Ecosyste.ms: Awesome

An open API service indexing awesome lists of open source software.

Awesome Lists | Featured Topics | Projects

https://github.com/takikadiri/kedro-boot

A kedro plugin that streamlines the integration between Kedro projects and third-party applications, making it easier for you to develop end-to-end production-ready data science applications.
https://github.com/takikadiri/kedro-boot

Last synced: about 1 month ago
JSON representation

A kedro plugin that streamlines the integration between Kedro projects and third-party applications, making it easier for you to develop end-to-end production-ready data science applications.
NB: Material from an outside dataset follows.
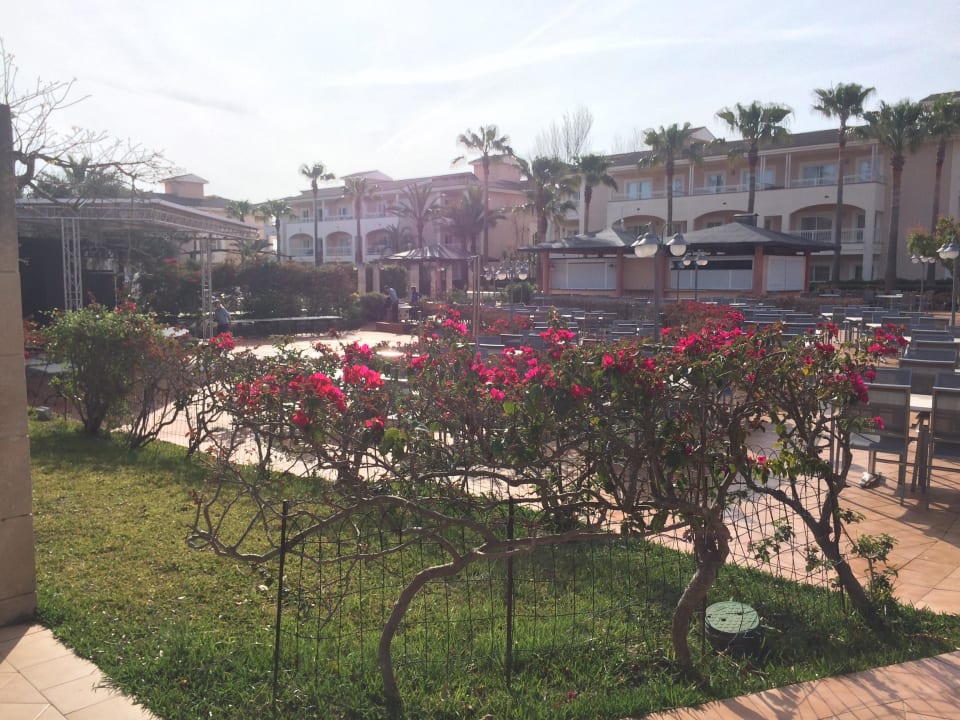 Playa Garden Selection Hotel & Spa Playa Garden Selection Hotel & Spa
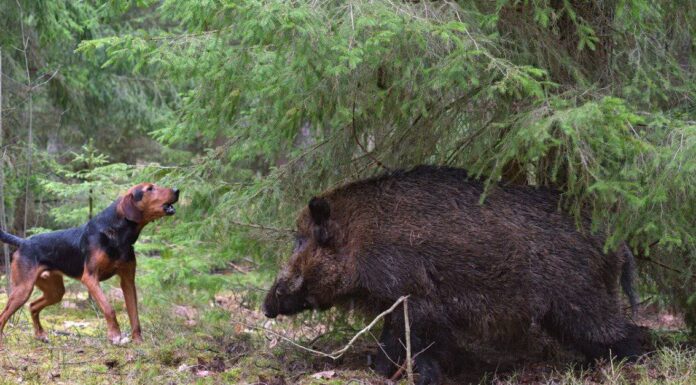 Scopri il cinghiale più grande di sempre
Awesome Lists containing this project

README

        

![Kedro Boot Logo - Ligh](.github/logo_light.png#gh-light-mode-only)
![Kedro Boot Logo - Dark](.github/logo_dark.png#gh-dark-mode-only)
[![Python version](https://img.shields.io/badge/python-3.8%20%7C%203.9%20%7C%203.10%20%7C%203.11-blue.svg)](https://pypi.org/project/kedro/)
[![PyPI version](https://badge.fury.io/py/kedro-boot.svg)](https://badge.fury.io/py/kedro-boot)
[![License](https://img.shields.io/badge/license-Apache%202.0-blue.svg)](https://github.com/takikadiri/kedro-boot/blob/main/LICENSE)
[![Powered by Kedro](https://img.shields.io/badge/powered_by-kedro-ffc900?logo=kedro)](https://kedro.org)

# What is kedro-boot ?
Kedro Boot simplifies the integration of your Kedro pipelines with any applications. It's a framework for creating APIs and SDKs for your Kedro projects.
It offers these key functionalities:

- :syringe: **Data injection**: Streamline the process of feeding data from any application into Kedro pipelines.
- :zap: **Low-Latency**: Execute multiple pipeline runs with minimal delay with optimisation for time-sensitive web applications.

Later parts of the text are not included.